What’s troubling about this is not merely that the proposed policies are terrible—though they are—but that pundits from across the political spectrum have uncritically accepted the distorted characterization of social justice they are predicated on. 

Consider a few representative examples. George Packer has written that, for social justice advocates, “the country is less a project of self-government to be improved than a site of continuous wrong to be battled.” Jonathan Haidt has argued that campus protests over speakers such as Charles Murray were not only an ominous threat to free speech, but tantamount to witch hunts. Last summer, in an open letter to Harper’s, signatories including Noam Chomsky, David Brooks, Steven Pinker and JK Rowling endorsed the idea that, though a moral reckoning was necessary, it has “intensified a new set of moral attitudes and political commitments that tend to weaken our norms of open debate and toleration of differences in favor of ideological conformity.” 

Critics of social reform describe the ominous suppression of debate without acknowledging that social justice advocates are not shutting down disagreement. They are rejecting bigotry, writes Editorial Board member Magdi Semrau.

In these warped-from-the-start narratives, those of us who are advocating for even the most basic egalitarian principle are painted as Orwellian Thought Police bent on exploding trivial offenses into grave transgressions. Social justice is becoming increasingly illiberal, even authoritarian. Mere differences of opinion are subject to reprisal, which, in turn has severe cultural, if not legal, implications for free speech.

One might expect these blunt arguments from the right, but when similar positions are adopted by respectable moderates, liberals and progressives, they are a cause for even greater concern. None of the public figures listed above would endorse the GOP’s new legal actions against speech; however, their own subtle endorsement of negative caricatures has primed the American public to generally see contemporary social justice as perhaps equally dangerous as the GOP’s own authoritarian actions. 

Importantly, much of the centrist and left-of-center commentary repeats the same errors.

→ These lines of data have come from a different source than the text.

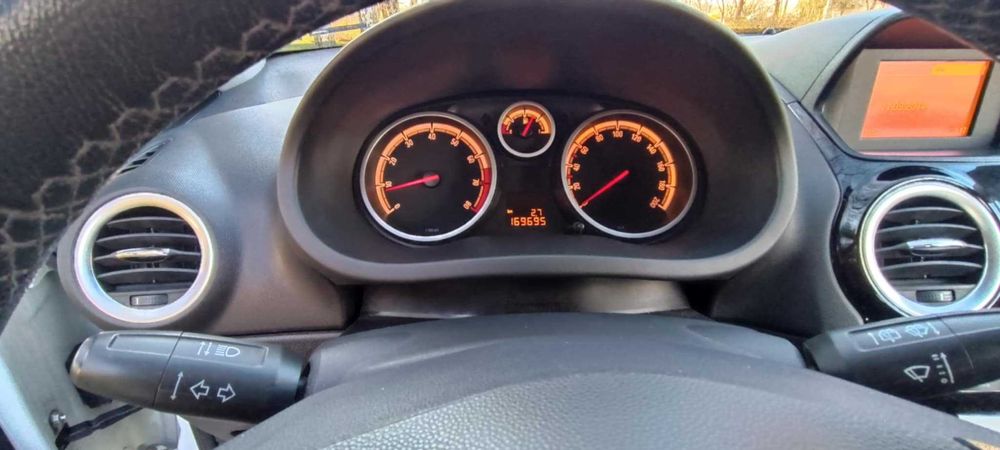 Opel Corsa 1,2-86кс. LPG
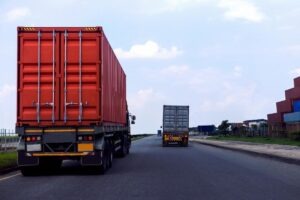 transporte de contenedores por carretera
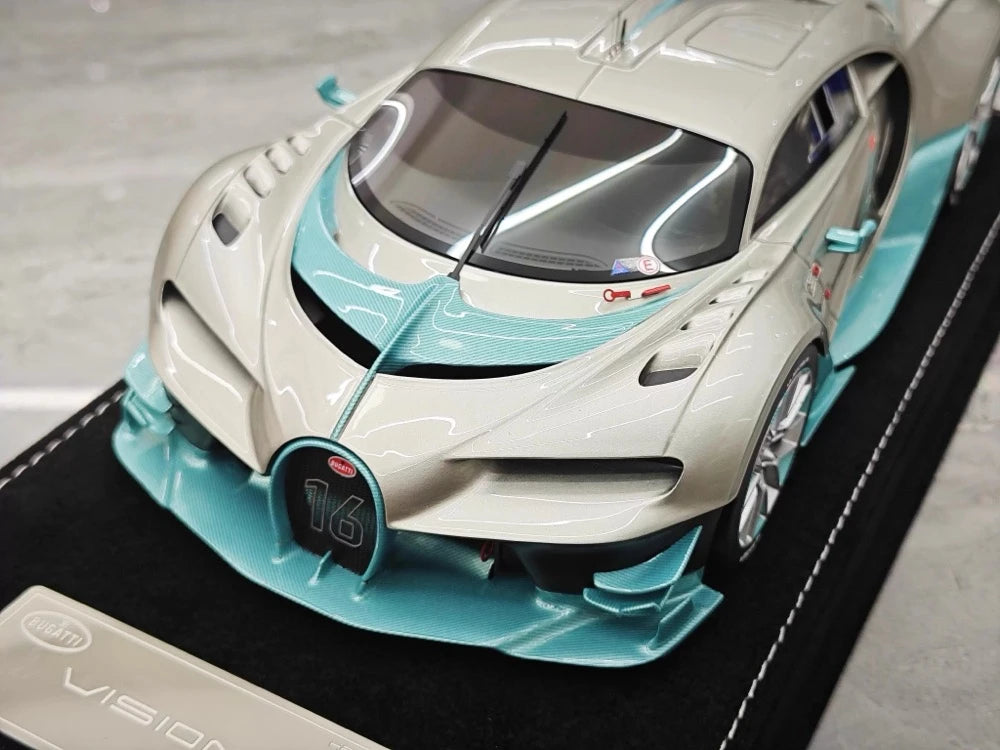 [Henson & Heaven] 1:18 Bugatti 2015 Vision Gran Turismo シルバー モデルカー レジン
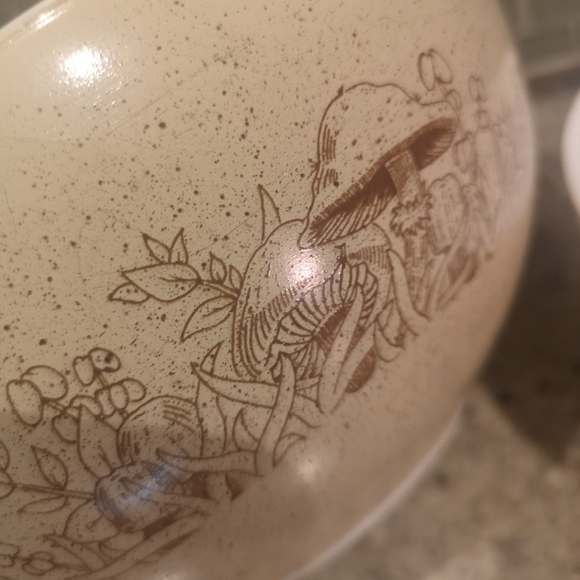Vintage 2 x PYREX Forest Mushroom Cinderella Nesting 2.5 & 1.5 Liters Bowls - Picture 2 of 9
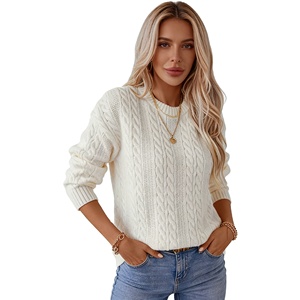 Suéter de Tricô Aconchegante com Gola Redonda na Cor Creme, Calor Clássico de Inverno com Textura Atemporal - Product Image 1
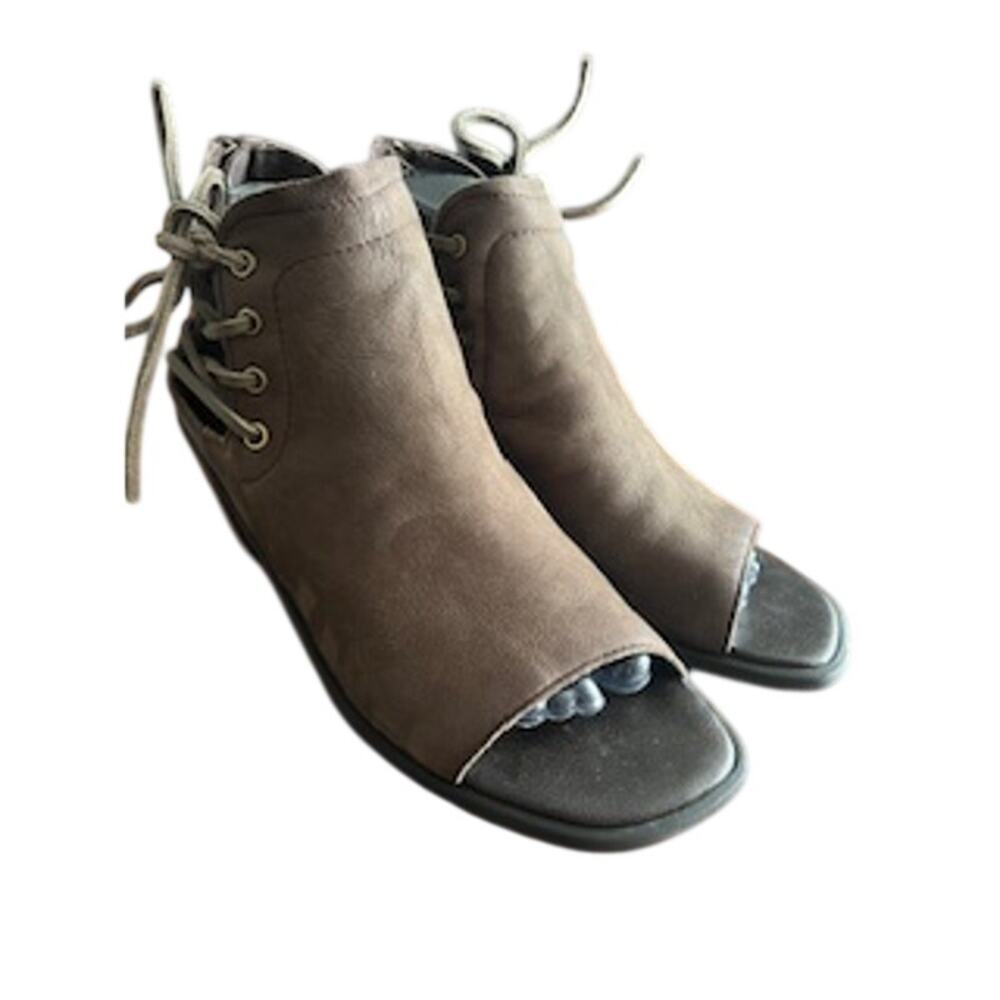 OTBT Women's sz 8M Prairie peep-toe ankle boot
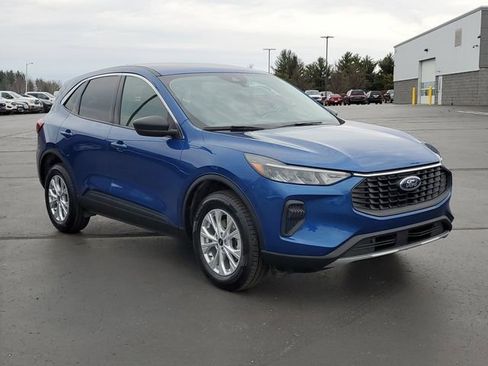 Certified 2023 Ford Escape Active image 2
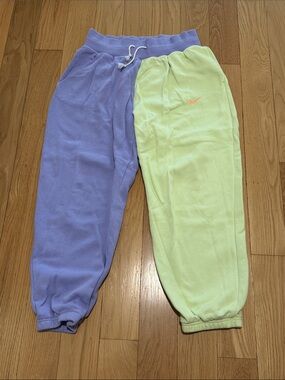 Nike Two-Tone Sweatpants — Lavender & Lime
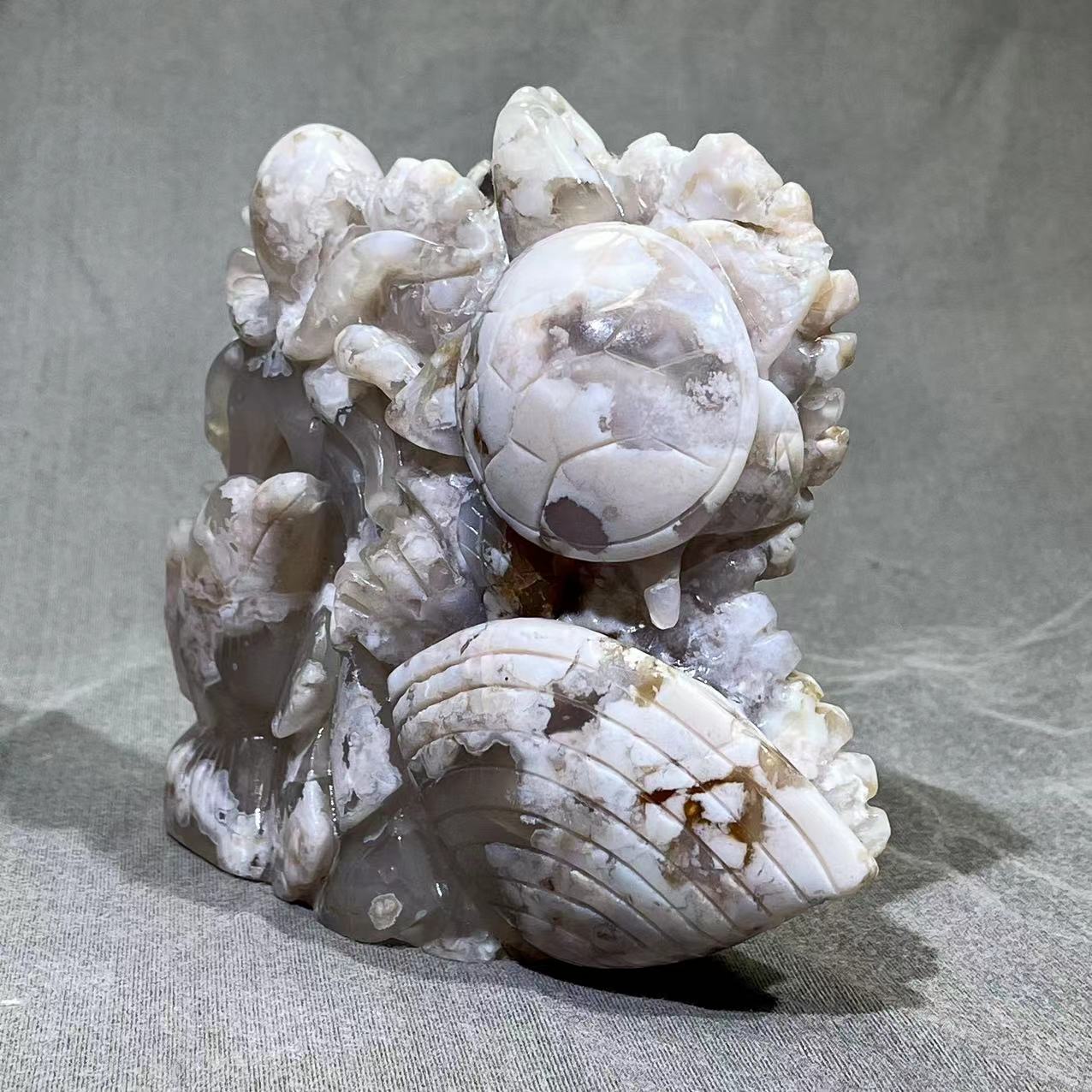 Flower Agate Sea Animal Carving
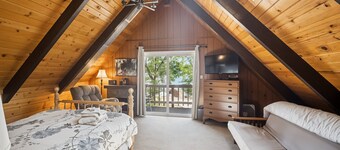 Cozy Cabin On The Cove - Lakefront with Private Dock by Yosemite Region Resorts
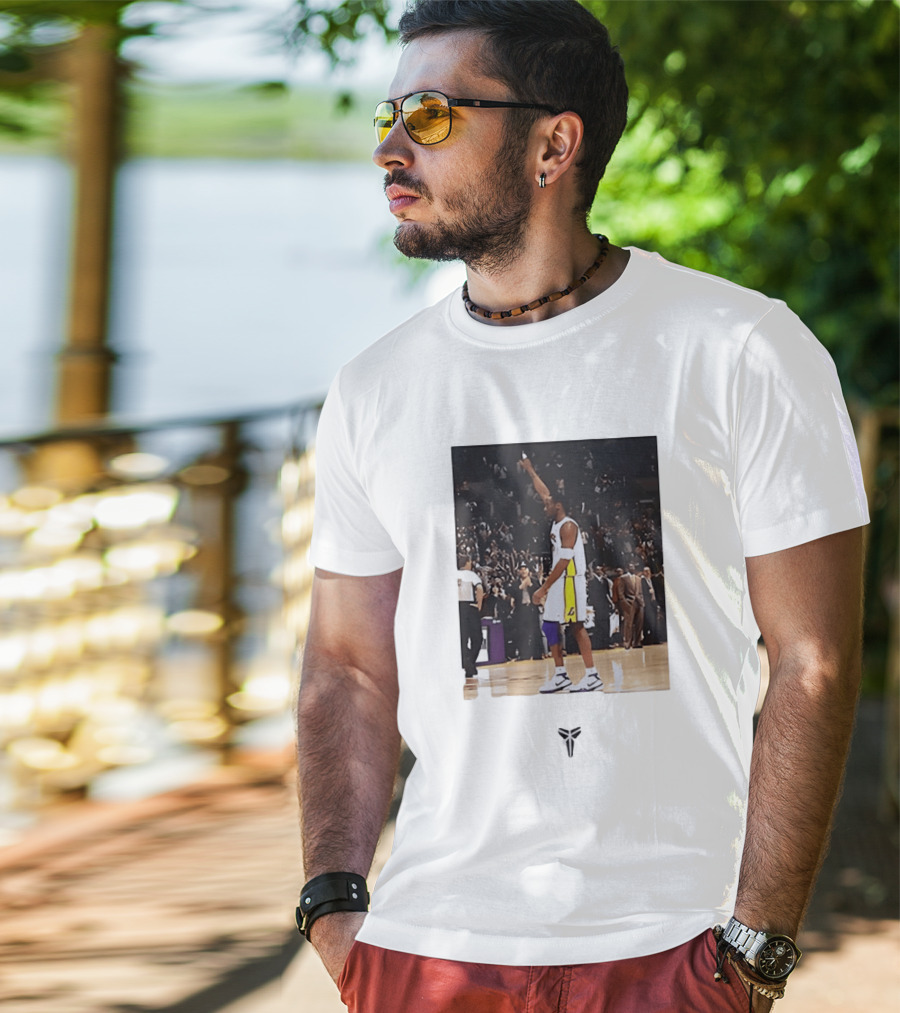 Kobe Bryant Los Angeles Lakers NBA Iconic Court Celebration T-Shirt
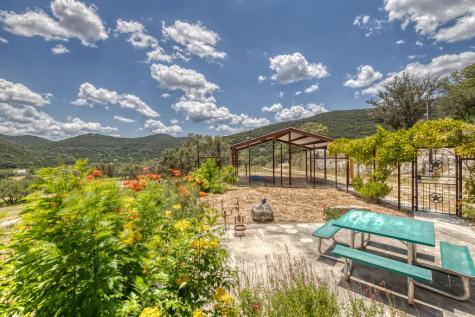 2242 Patterson Creek Road Leakey TX 78873
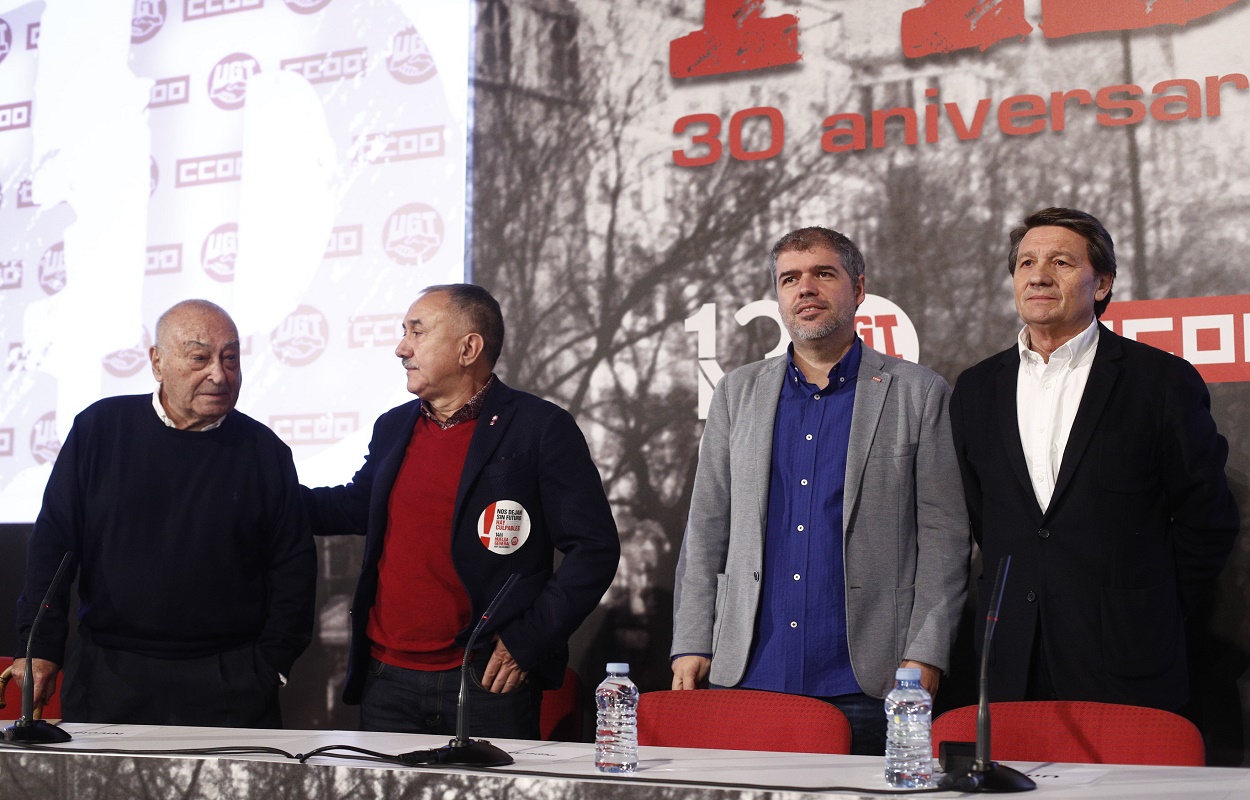 El sindicalismo y la política da su último adiós a Nicolás Redondo. EP
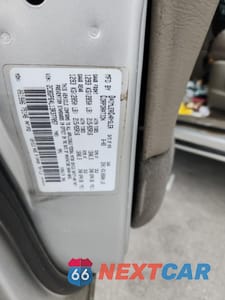 Zdjęcie 13 z 14 samochodu: 2003 CHRYSLER TOWN & COUNTRY LIMITED VIN:2C8GP64L13R377057 - miniatura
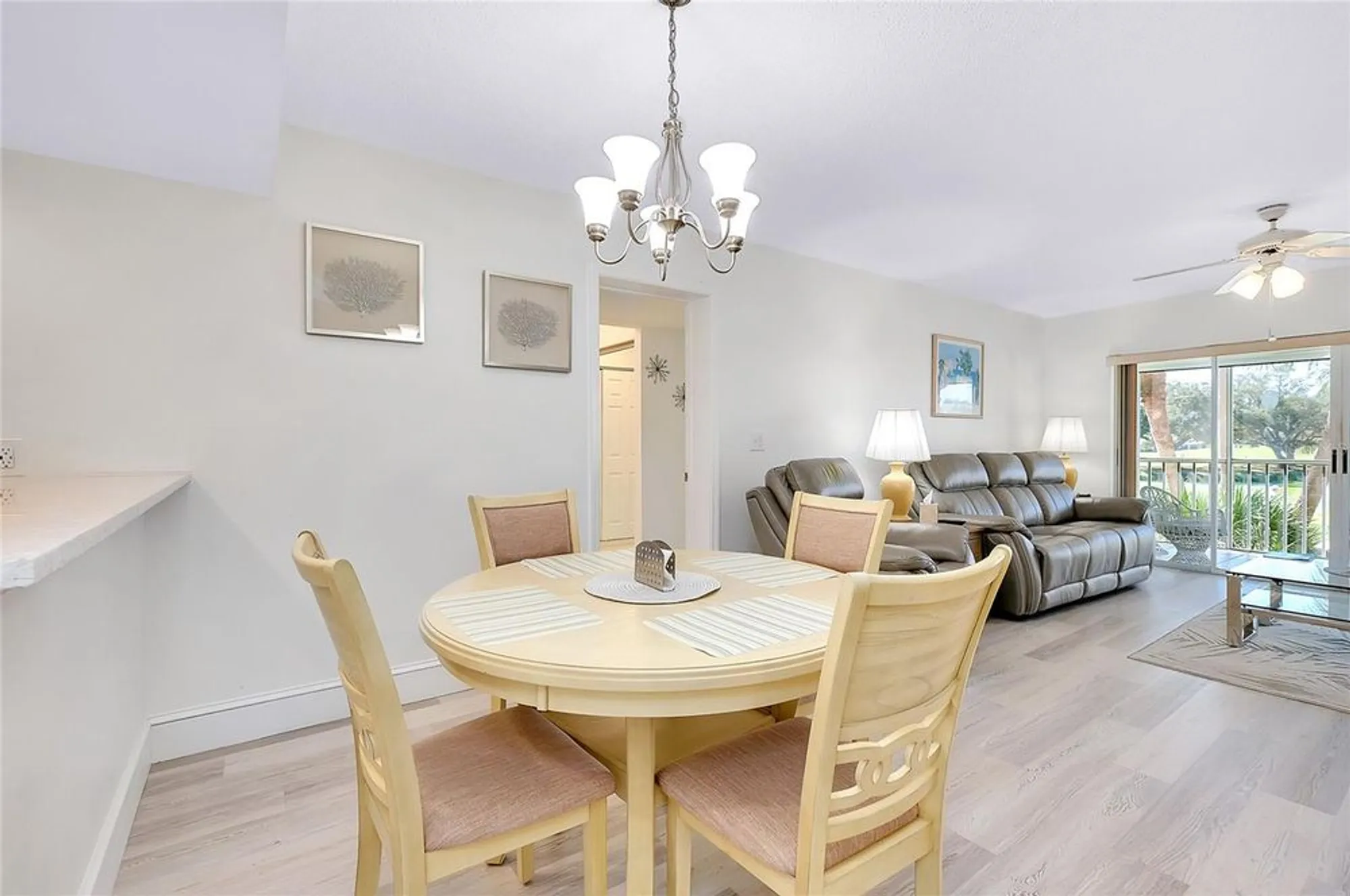 Property Slideshow image 12 of 68 | 433 cerromar ln 430, Venice, FL, 34293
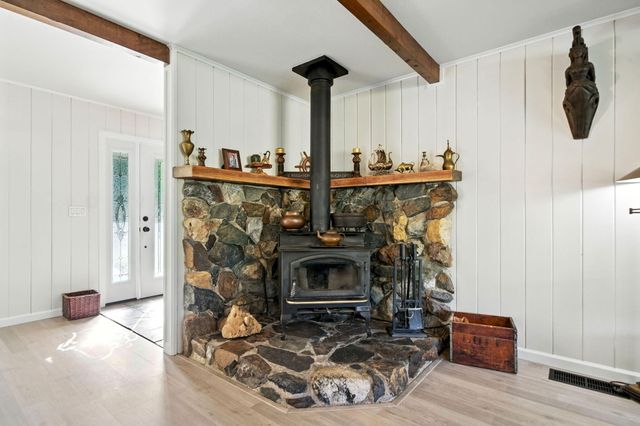 61 Chief George, Lewiston, CA 96052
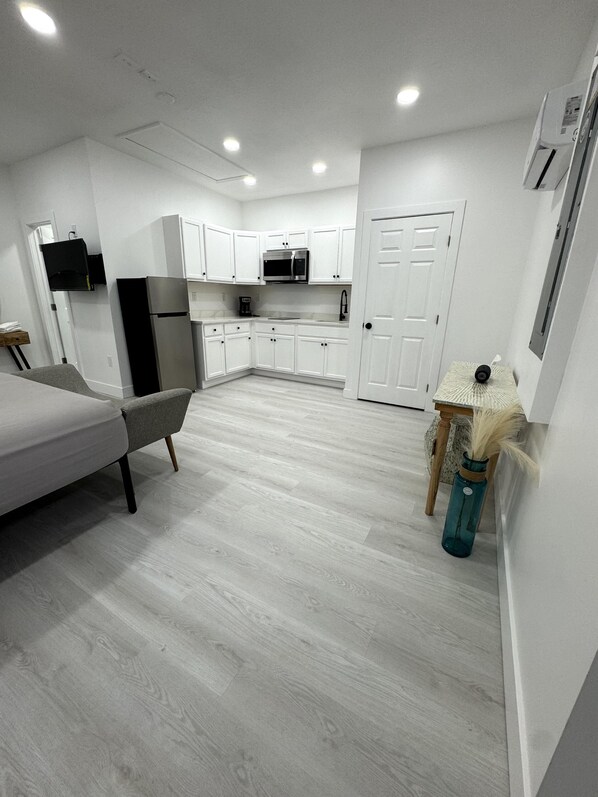 1 bedroom, desk, iron/ironing board, free WiFi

They are so common—and pernicious—they are worth identifying explicitly. 

1. Critics treat extreme examples as representative
Too often, rather than critiquing a plausible and well-supported position, critics of social justice dwell on extremes, treating them as reflective of the broader cause. 

Listening to some pundits, for example, you might easily get the impression that, in the context of education reform, progressives uniformly advocate for the abolition of all assessments in K-12 public education. This is an easy position to criticize but it’s held by a tiny minority. It’s not close to representative of the social justice agenda. 

Far more common is the well-supported view that racial disparities exist in instruction and assessment, and that reform is necessary. Empirical evidence—not mere rhetoric—shows many standardized measures are biased towards white students. These are aspects of inequality in our education system—from curriculum design to assessment—that should be confronted. Of course, it’s much harder to mount a cogent argument against this sensible position. Thus some keep talking about the extreme view.   

2. Critics obscure and trivialize substantive concerns
In almost all of these critiques, we hear reference to how activists shut down discourse over credible disagreements. As Packer describes modern social justice, activists foster “monolithic group thought, hostility to open debate, and a taste for moral coercion.” Similarly, the Harper’s letter cites reformers as forcing “ideological conformity.” 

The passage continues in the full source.